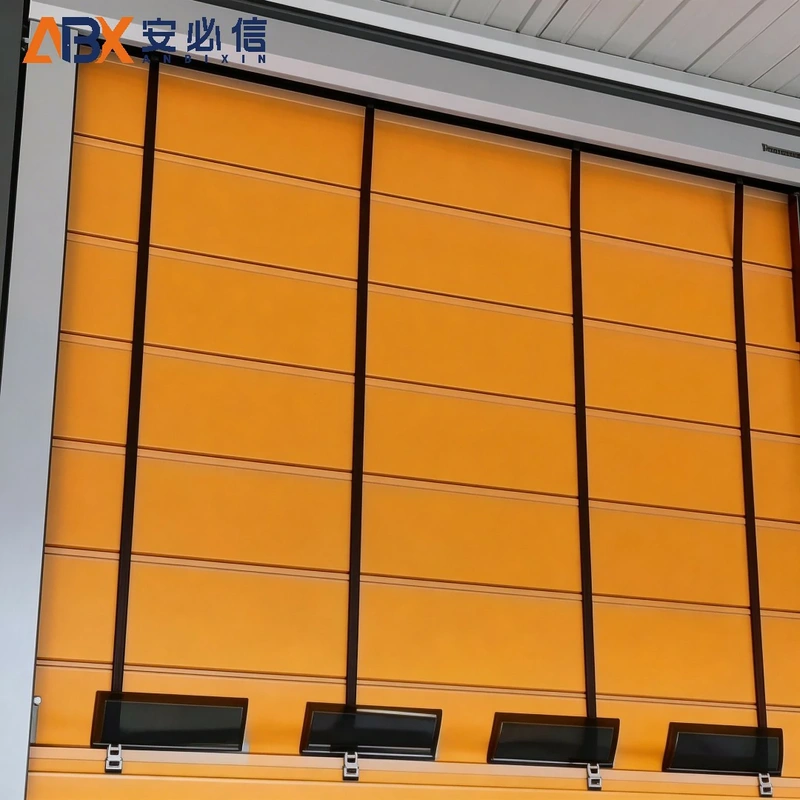 珠海上叠门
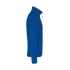 fleece jacket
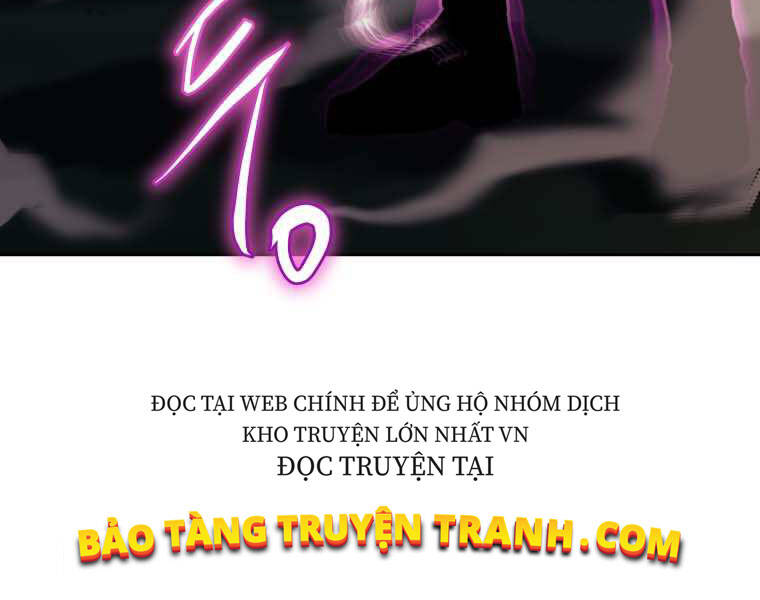 Kể Từ Bây Giờ, Tôi Là Một Người Chơi Chapter 35 - Trang 2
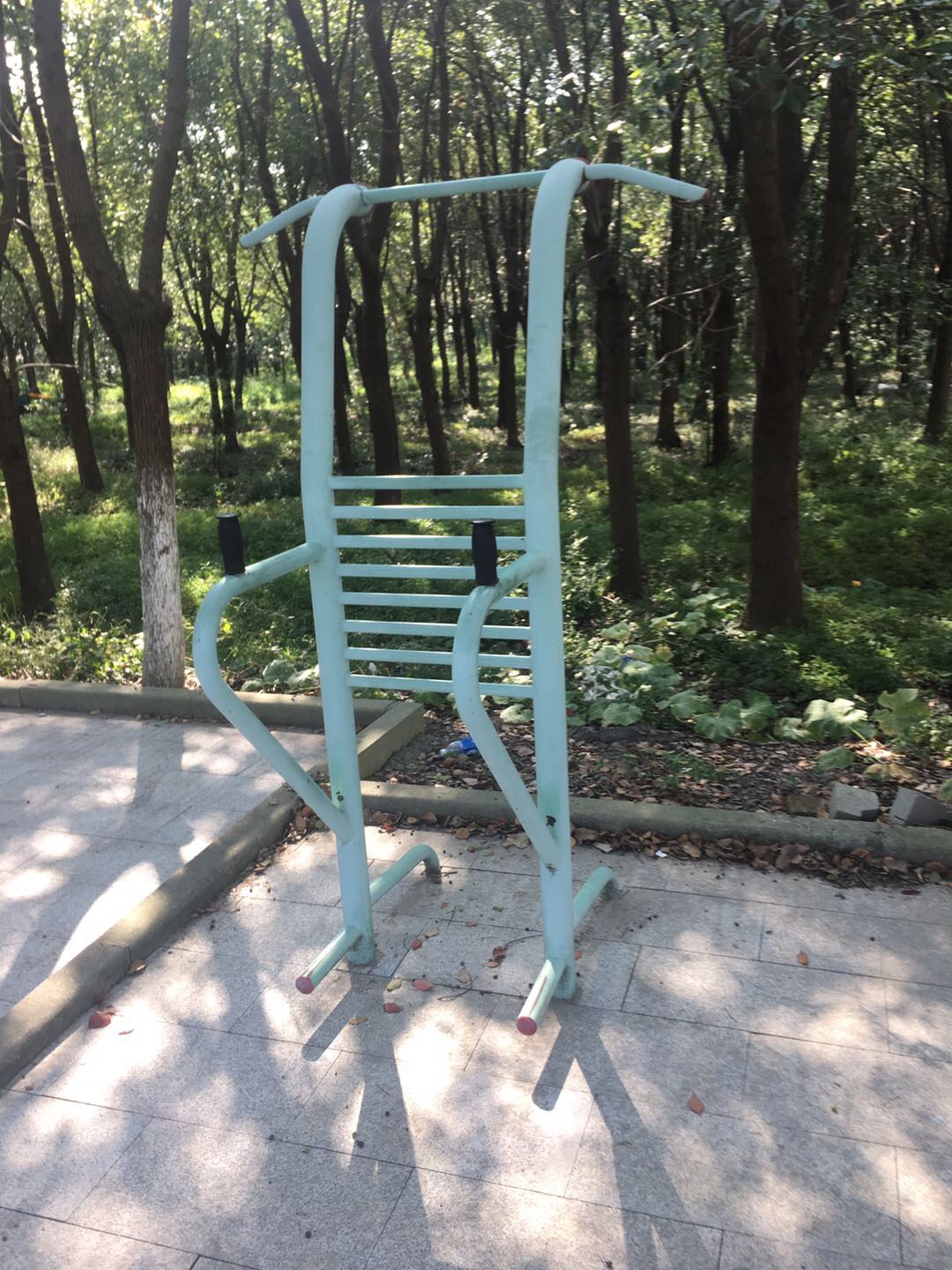 其 它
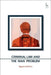 Criminal Law and the Man Problem by Ngaire Naffine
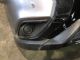 Mitsubishi Outlander GF8 2015->on RH Front Bumper Garnish Lower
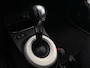 Renault Twingo Z.E. R80 Intens | 100% dealer electrisch | Automaat | Parkeercamera | Stoelverwarming | Navigatie incl. bluetooth | Clima | Cruise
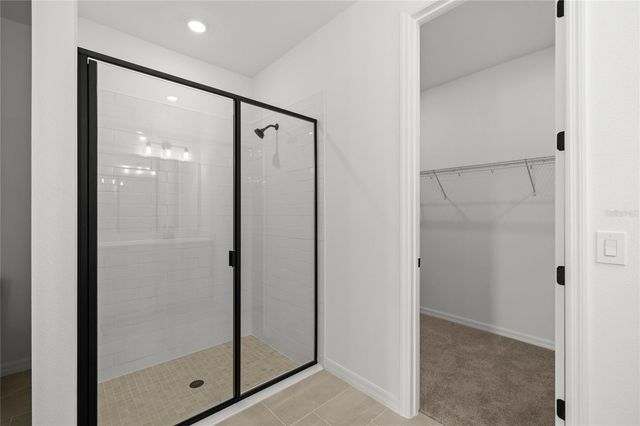 2525 BROADWING STREET, Kissimmee, FL 34746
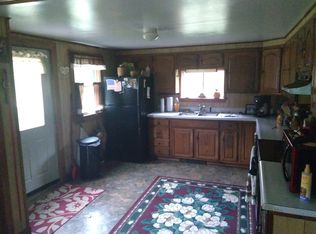 19 Oxbow Rd, Cornville, ME 04976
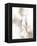 Enchantress IV-Rikki Drotar-Framed Premier Image Canvas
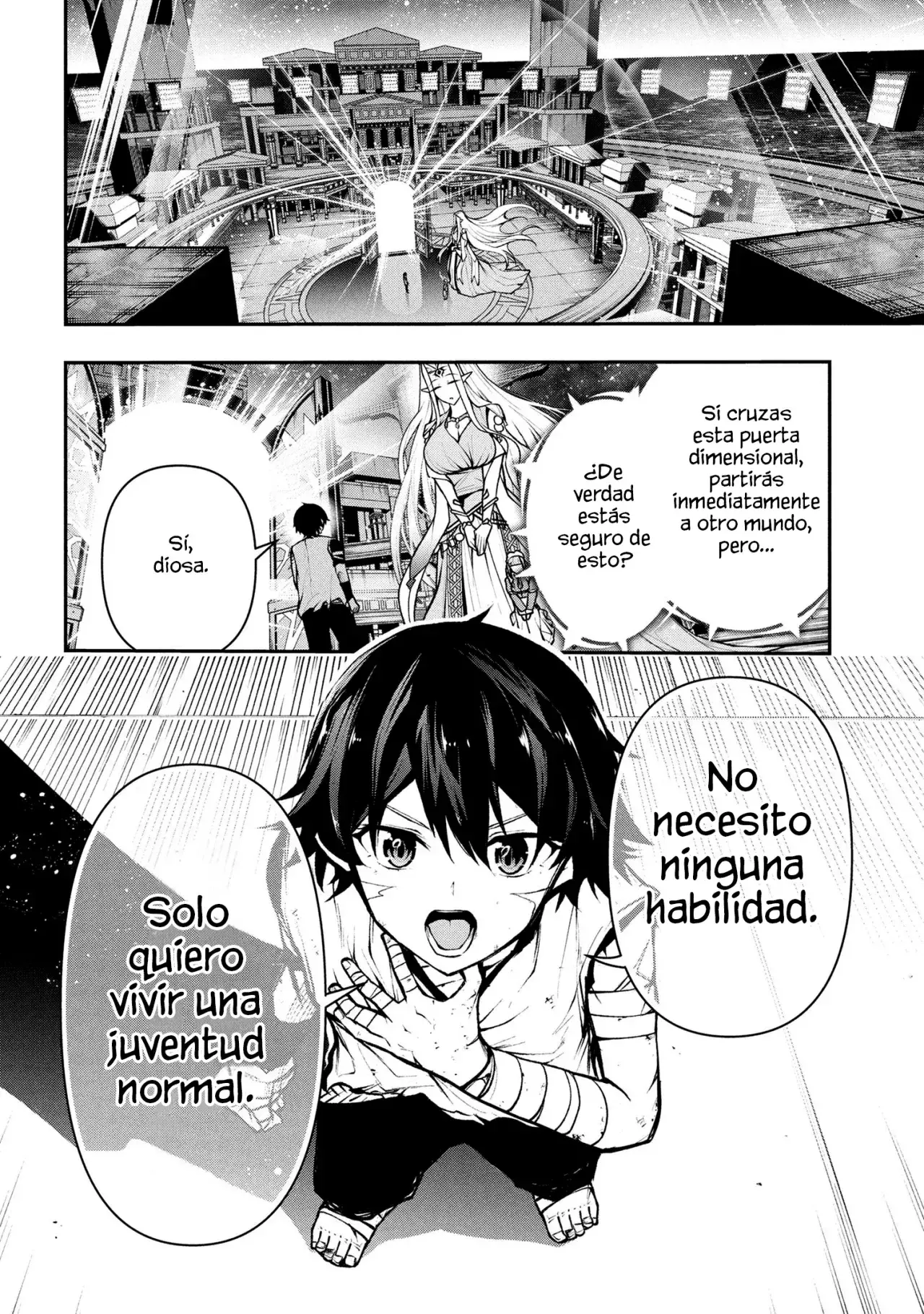Capitulo 2.20 page 2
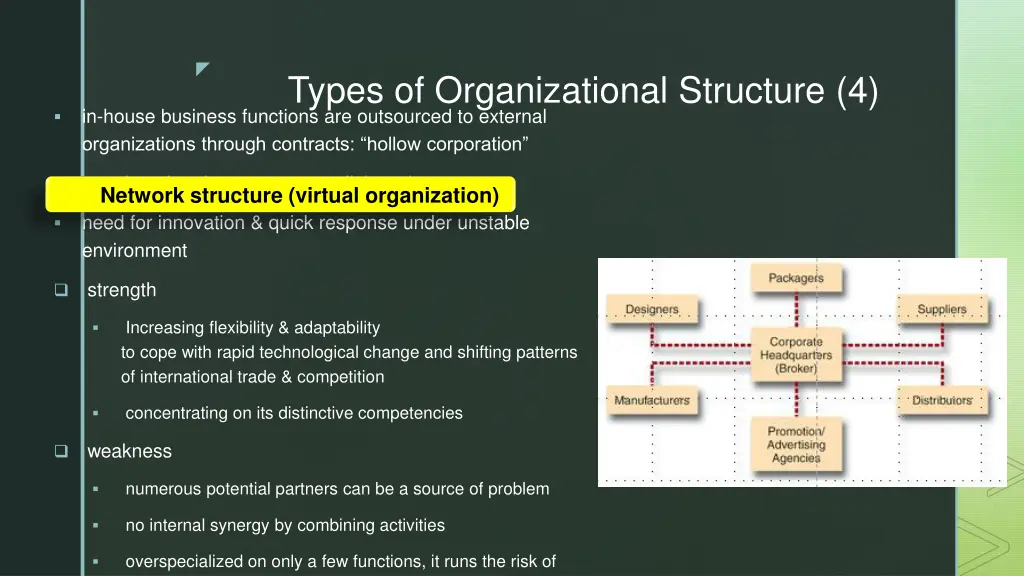 slide14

TO DO:
Everything from the line with "19 Oxbow Rd, Cornville, ME 04976" through the end of the listing above, both ends included, should be set down exactly; copy nothing else, and skip the pictures.

SOLUTION TO THIS EXERCISE:
 19 Oxbow Rd, Cornville, ME 04976
 Enchantress IV-Rikki Drotar-Framed Premier Image Canvas
Capitulo 2.20 page 2
 slide14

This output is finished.